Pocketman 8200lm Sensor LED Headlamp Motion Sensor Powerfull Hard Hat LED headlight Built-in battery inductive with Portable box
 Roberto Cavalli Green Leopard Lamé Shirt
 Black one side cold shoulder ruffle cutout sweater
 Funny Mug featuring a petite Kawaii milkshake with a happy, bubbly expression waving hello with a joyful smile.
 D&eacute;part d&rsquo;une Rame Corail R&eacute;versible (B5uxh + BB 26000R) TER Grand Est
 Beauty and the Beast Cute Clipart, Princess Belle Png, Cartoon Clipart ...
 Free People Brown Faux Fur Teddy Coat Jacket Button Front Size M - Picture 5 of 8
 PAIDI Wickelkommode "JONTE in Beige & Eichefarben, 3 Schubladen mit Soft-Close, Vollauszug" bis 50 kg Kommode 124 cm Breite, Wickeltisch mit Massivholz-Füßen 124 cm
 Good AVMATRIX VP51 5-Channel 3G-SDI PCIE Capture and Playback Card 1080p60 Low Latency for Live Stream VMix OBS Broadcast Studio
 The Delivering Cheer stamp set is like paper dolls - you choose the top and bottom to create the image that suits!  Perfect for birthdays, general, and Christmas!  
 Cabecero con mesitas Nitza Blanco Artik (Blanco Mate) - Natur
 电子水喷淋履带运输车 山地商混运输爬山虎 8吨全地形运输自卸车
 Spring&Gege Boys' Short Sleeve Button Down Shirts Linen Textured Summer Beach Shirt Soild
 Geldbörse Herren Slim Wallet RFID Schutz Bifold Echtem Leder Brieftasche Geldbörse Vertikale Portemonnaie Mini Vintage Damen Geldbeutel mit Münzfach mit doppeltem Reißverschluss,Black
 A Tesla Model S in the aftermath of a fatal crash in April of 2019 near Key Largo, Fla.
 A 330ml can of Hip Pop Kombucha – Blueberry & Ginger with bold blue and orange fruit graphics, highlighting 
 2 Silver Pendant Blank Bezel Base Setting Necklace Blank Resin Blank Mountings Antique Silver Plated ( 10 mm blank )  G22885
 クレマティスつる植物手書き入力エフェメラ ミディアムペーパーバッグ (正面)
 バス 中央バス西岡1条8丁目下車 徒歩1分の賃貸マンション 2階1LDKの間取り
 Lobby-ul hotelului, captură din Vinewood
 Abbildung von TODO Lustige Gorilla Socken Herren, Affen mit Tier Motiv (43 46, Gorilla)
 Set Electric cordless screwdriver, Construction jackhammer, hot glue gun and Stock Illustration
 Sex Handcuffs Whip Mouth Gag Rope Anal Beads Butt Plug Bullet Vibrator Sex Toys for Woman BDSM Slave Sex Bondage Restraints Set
★ ★ ★
● **Task objective**: Everything from the first line of the data through the line holding "Black one side" should be output exactly, and no other lines.

● **Output below**:
Pocketman 8200lm Sensor LED Headlamp Motion Sensor Powerfull Hard Hat LED headlight Built-in battery inductive with Portable box
 Roberto Cavalli Green Leopard Lamé Shirt
 Black one side cold shoulder ruffle cutout sweater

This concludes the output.